One of the biggest challenges of being self-employed is doing everything yourself, from the actual work to accounting to marketing your business. Eventually, the self-employed want to become successful enough to get a steady workflow and make their ideal income.

Some self-employed freelancers or business owners stop there, but others want to reach higher. Their reputation is established, and they are getting so much business that they cannot do all the work themselves. Here is an opportunity to double or triple their yearly income.

Eventually, instead of being a one-person business running every department, they might hire employees. However, some business owners may want to avoid the headache of managing several people. They may wish to continue as an independent freelancer.

Hiring employees isn’t the only option for increasing one’s income, although it is the first one that comes to mind. Here are three ways to increase your income if you’re self-employed and the pros and cons of each method.

1 Hire employees

You’ve always wanted to become your own boss. That’s why you started your own company and became self-employed. The next step is to scale up your company by hiring employees.


Depending on the nature and size of your business, you could step back and hire people with the right expertise to manage the company. You could hire an accountant and human resources person. Or you could continue with a hands-on role in the company.

When you hire employees, you have resources dedicated to completing your work. You control their time and schedule because they signed a contract to work part-time or full-time, at specific hours of the day for you. If they want time off, they must let you know first.

Having a dedicated team allows your business to scale. You can provide the same services you did before or add more services now that you have the cash flow and resources to hire experts to provide those services.


Once you hire employees, you are expected to provide a specific number of work hours for your employees each month. It becomes more crucial that your lead flow is steady to ensure you continue to operate at a profit.

You’ll have more management details to look after. Whether you manage your business yourself or hire someone, you will deal with work contracts, tracking employee hours and pay, and other details related to human resources and taxes.

2 Subcontract your work

It’s a wonderful milestone in your career when you have so many clients that you can pick and choose which ones to keep by raising your rates or ending contracts. However, you may want to keep all your existing clients and add new ones instead of turning them away.

One way to scale up your business is to work with subcontractors. For example, if you write articles for your clients, subcontract your work to writers who are building their portfolios and writing experience.


You can take on more clients and work assignments by working with subcontractors. They provide the same service as you so, in a way, you are duplicating yourself. You charge your clients your usual rate, keep a percentage as a management fee, and use the remainder to pay your subcontractors.

If you enjoy management, you will coordinate what assignments need to be done, which subcontractor needs to complete them, and get the assignments to the client on time.


Most likely, your subcontractors are developing their writing experience or don’t have steady clients themselves. Part of your time is spent managing their work, from assigning to checking what they do. If you dislike management, you could hire someone to look after these details.

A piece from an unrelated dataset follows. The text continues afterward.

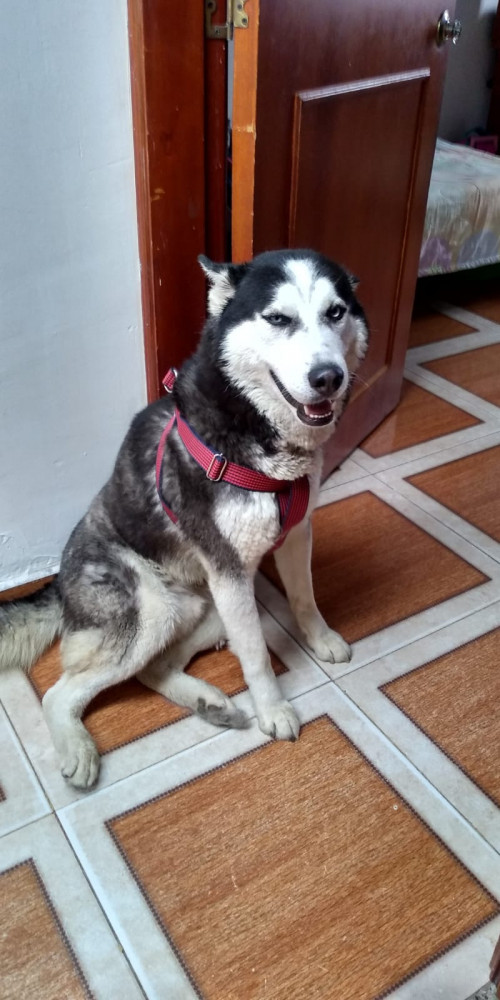 Zeus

Another challenge is if the subcontractor’s work isn’t up to standard, you’ll find a lot of your time is spent editing their work. However, when your subcontractor gains more experience over time, they will charge higher rates and want to work directly with their own clients.

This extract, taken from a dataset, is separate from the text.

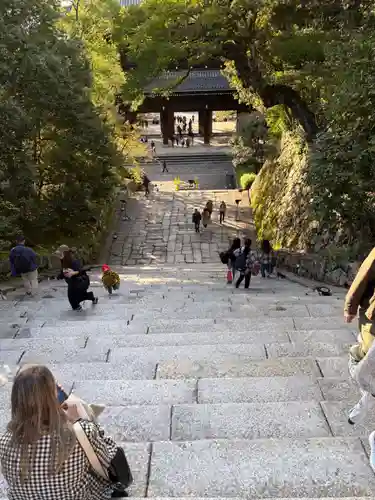 知恩院(京都府)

3 Collaborate with businesses that offer complementary services

You are highly talented at what you do, but what if your clients need services related to what you do – but are beyond what you offer? For example, you offer writing services and you notice that your clients often want graphic design as well. You could become a jack of all trades. Or you could start an agency or hire employees.

Another option is to collaborate with other freelancers or business owners who offer services that complement yours. Partner up with a graphic designer or website designer so your clients can find the services they need in “one place” instead of looking for them independently. When you refer a client to your collaboration partners, you get a commission based on a percentage or rate that you’ve both agreed upon.

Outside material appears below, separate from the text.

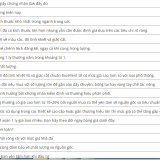 kim-cuong-1-ly-3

If you’re very talented but building up your clientele as a freelancer, working with successful collaboration partners will help to get you clients. Their clients already trust them, so they extend that trust when they refer business to you.

Whether you’re referring or receiving business, this partnership expands the services you can offer to your clients without learning those skills yourself. You also can handle learning how to manage a company or employees.


The relationship relies on a certain degree of trust. When you refer a client to a collaboration partner, the client’s trust in you is on the line. If that partner provides the quality of service your client expects, your reputation will also be protected.

Another challenge is your partner’s availability. They may not be available when your client needs their service. When that happens, your client may work with another service provider so you won’t get a commission.

Accounting is also a consideration. You’ll need to figure out how much commission (or referral fee) to give your partner for each contract and how to keep track of those amounts.

Key Takeaways

It’s a sign of success to face this decision: turn away clients or keep accepting new ones although you don’t have enough hours in the day to do the work. At this point, you can scale your business by hiring employees or subcontractors. Or, you can rely on your client’s trust in your reputation to recommend them to your collaborator partners. Any of these choices can increase your income and your ability to provide more to your clients.